Jiro Heir Says Women Can't Be Sushi Chefs, Because Of Hormones

Making sushi, especially the way chefs do it at Jiro Ono's famous Sukiyabashi Jiro restaurant, is a fastidious and labor-intensive process. But for all the training and practice and care that goes into it, chefs still make the sushi using just their hands, so it is surprising to hear that Jiro's son and heir, Yoshikazu Ono, says women can't be sushi chefs because their menstruation will mess up the fish.

Business Insider's April Walloga says she was working on a story about the paucity of female sushi chefs when she discovered a bewildering quote by Yoshikazu Ono explaining why there were no female chefs or apprentices at his father's famed sushi restaurant.

"The reason is because women menstruate," Yoshikazu Ono reportedly said in 2011. "To be a professional means to have a steady taste in your food, but because of the menstrual cycle, women have an imbalance in their taste, and that's why women can't be sushi chefs."

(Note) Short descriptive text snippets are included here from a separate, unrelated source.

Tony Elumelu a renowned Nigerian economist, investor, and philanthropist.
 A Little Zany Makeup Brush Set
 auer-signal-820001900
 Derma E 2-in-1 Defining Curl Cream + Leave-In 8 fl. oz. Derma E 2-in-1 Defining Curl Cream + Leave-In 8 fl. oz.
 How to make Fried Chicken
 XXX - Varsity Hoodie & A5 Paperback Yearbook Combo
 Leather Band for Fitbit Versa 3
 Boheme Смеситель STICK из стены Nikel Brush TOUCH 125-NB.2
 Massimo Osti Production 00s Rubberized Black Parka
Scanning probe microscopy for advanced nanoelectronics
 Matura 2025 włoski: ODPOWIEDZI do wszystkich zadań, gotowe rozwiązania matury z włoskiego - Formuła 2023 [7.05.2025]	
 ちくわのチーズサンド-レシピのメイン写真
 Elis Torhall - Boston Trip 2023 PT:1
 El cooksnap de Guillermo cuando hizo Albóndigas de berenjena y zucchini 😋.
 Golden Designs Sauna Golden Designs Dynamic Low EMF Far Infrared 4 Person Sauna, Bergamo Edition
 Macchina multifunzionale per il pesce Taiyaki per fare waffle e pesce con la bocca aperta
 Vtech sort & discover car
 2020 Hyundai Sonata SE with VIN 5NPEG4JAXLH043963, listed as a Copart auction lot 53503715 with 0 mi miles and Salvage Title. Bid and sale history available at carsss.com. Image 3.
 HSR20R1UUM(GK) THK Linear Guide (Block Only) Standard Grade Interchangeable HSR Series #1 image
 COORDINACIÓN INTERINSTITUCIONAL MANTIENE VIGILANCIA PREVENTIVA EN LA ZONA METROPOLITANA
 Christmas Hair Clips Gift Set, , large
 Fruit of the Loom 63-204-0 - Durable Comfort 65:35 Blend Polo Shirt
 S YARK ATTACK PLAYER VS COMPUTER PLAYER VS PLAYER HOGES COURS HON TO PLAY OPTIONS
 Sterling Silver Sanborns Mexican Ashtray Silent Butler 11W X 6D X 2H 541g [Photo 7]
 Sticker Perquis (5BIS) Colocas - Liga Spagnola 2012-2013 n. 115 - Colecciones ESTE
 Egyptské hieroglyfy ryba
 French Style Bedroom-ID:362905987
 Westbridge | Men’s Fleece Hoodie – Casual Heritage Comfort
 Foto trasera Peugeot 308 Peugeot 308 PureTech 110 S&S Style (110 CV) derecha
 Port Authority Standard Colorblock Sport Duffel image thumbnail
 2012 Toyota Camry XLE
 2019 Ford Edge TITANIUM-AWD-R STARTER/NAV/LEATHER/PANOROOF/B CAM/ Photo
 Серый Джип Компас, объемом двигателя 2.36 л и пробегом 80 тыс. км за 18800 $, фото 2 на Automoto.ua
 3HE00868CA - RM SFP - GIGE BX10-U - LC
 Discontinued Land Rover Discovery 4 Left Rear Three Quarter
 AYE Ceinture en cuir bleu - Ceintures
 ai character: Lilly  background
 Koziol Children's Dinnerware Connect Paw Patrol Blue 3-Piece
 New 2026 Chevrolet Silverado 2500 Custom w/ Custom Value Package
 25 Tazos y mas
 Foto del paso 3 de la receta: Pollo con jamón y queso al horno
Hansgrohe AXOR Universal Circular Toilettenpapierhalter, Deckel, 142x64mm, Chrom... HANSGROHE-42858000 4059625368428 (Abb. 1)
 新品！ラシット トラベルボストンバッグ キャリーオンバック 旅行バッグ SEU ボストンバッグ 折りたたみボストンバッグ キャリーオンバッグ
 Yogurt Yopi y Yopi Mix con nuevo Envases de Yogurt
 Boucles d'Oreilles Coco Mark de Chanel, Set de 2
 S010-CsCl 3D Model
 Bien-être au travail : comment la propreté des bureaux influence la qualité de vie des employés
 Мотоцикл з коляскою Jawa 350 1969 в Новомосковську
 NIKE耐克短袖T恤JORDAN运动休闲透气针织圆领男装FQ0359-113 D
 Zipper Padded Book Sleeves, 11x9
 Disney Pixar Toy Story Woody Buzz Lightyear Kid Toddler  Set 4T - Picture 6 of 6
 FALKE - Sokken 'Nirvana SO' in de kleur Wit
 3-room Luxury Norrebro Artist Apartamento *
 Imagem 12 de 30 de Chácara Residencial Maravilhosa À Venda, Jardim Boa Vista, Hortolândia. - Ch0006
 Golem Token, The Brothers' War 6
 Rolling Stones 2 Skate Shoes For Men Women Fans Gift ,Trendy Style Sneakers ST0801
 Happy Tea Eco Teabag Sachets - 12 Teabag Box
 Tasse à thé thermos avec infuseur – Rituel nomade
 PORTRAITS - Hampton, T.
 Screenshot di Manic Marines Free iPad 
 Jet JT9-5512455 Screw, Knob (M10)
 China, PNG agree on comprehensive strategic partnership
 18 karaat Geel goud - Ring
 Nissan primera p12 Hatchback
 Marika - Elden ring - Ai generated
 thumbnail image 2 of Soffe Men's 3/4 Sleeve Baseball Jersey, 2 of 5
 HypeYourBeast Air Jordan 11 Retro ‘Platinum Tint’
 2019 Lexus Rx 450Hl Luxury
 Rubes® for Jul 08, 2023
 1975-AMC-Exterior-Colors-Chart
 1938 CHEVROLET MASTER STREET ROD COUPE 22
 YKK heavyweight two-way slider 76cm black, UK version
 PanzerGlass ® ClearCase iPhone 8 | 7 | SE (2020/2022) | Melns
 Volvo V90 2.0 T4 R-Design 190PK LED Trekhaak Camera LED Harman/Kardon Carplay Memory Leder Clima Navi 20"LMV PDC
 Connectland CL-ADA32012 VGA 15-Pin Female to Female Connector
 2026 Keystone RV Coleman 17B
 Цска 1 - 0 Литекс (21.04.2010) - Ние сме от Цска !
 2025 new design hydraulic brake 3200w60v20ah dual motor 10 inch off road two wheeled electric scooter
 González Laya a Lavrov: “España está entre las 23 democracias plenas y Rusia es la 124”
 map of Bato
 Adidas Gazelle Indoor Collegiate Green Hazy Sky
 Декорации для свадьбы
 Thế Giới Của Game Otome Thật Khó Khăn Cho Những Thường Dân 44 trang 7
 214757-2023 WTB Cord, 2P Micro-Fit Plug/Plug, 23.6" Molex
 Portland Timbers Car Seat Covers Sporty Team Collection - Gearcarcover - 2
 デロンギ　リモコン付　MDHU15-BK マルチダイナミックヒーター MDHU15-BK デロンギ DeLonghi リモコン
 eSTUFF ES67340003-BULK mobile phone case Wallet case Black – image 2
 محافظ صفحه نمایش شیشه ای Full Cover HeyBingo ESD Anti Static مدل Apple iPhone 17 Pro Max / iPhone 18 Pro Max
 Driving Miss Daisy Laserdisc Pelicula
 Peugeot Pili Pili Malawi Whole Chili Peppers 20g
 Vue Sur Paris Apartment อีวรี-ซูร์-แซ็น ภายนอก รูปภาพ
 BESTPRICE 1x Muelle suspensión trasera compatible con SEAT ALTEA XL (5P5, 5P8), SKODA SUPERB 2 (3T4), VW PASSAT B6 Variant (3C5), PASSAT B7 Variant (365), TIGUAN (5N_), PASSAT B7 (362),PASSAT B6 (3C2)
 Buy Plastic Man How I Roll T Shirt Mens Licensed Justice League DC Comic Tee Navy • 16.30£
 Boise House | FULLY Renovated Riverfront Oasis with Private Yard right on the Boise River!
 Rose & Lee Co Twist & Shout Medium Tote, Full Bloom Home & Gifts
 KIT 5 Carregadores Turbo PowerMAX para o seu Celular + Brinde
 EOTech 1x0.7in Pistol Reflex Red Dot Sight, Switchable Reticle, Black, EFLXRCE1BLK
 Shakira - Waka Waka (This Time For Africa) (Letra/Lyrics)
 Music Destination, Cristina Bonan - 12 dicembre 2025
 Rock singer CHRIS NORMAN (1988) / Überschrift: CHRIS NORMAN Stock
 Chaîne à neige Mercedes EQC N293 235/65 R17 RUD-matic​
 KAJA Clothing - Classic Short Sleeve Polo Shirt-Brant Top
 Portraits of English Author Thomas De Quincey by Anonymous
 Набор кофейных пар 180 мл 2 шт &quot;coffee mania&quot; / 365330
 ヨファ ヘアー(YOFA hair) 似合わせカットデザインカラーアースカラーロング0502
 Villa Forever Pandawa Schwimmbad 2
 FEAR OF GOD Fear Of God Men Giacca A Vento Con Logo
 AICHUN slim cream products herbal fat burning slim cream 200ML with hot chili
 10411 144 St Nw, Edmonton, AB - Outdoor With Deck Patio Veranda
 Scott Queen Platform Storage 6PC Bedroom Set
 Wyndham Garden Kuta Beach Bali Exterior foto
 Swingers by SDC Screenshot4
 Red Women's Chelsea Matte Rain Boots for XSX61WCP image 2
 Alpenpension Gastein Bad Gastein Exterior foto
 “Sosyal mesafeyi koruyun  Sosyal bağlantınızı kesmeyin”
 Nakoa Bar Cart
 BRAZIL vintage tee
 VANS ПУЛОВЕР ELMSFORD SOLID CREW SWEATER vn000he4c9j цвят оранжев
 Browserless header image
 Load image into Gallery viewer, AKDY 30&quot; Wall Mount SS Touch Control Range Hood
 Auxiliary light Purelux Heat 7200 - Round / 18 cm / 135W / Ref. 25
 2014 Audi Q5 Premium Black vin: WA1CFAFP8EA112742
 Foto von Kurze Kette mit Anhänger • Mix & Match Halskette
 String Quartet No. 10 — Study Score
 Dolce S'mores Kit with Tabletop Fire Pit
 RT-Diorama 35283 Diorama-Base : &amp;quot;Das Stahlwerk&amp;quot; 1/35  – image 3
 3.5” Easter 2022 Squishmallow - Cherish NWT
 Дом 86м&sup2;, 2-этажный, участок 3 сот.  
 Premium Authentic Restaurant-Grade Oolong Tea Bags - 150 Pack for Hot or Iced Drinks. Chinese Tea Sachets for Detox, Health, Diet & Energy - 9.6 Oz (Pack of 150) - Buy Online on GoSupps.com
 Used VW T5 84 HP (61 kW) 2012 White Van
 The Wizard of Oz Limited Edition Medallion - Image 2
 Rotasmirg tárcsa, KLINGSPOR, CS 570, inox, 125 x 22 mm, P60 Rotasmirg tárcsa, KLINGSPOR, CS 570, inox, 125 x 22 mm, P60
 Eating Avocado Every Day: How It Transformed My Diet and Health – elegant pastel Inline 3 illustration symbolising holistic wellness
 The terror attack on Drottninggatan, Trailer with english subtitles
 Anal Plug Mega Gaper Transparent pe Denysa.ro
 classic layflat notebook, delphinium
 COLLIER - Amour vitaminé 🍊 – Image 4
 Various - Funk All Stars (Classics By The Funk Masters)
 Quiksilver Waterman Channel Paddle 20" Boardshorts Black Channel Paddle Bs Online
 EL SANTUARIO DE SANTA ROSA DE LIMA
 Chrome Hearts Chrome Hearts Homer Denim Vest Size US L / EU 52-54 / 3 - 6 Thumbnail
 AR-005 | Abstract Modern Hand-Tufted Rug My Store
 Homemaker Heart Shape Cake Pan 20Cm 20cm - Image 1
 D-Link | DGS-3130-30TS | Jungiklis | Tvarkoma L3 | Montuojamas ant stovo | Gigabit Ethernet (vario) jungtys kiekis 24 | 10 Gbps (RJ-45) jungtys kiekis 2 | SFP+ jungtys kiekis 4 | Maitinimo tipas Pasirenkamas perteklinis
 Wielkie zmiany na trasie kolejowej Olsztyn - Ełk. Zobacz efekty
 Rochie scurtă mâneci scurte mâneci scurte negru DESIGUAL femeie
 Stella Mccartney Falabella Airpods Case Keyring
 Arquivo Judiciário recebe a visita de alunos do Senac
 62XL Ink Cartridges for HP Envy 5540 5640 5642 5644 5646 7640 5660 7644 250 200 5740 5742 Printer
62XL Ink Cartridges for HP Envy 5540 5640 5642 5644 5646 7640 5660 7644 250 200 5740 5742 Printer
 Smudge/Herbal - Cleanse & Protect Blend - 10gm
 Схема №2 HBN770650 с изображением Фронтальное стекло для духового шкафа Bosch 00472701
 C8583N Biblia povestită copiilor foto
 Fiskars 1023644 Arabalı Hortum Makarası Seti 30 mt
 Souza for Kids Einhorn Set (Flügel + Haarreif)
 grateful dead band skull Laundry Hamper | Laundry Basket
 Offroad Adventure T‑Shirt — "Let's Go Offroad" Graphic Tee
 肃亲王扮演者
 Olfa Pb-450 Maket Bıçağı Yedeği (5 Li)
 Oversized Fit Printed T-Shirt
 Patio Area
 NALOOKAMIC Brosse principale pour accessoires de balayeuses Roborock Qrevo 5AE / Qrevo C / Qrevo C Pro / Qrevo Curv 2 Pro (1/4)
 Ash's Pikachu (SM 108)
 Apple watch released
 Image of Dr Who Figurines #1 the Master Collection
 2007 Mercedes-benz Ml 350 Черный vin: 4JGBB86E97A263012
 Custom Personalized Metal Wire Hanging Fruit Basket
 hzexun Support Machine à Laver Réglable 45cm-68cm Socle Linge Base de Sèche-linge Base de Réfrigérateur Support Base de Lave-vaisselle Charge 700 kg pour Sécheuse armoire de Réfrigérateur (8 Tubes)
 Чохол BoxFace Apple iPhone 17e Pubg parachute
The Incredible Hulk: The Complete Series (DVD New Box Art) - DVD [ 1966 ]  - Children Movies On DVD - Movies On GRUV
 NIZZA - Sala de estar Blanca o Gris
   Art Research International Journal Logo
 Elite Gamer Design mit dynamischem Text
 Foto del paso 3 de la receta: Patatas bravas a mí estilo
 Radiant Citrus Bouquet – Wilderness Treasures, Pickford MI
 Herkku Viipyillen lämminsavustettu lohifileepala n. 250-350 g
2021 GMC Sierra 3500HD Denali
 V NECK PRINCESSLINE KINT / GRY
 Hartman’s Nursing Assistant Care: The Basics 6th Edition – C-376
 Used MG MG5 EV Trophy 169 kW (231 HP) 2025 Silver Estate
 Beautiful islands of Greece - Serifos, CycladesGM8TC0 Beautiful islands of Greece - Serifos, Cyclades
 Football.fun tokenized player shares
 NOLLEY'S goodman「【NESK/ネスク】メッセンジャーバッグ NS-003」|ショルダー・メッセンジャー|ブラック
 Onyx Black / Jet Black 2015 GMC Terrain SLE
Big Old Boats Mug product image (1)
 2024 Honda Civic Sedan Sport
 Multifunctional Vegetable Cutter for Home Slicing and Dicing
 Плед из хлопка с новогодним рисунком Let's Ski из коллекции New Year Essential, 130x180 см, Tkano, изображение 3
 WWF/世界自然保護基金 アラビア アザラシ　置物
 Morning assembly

If Yoshikazu Ono's logic were true, that would presumably mean that women could not be good chefs at all, what with their careening hormones and unbalanced palates. Obviously there are a number of exceptional female chefs in the world whose very existence disproves his weird old theory. If there are no female chefs at Sukiyabashi Jiro, it is presumably because they did not hire any, not because women have an innate, sushi-ruining menstrual cycle.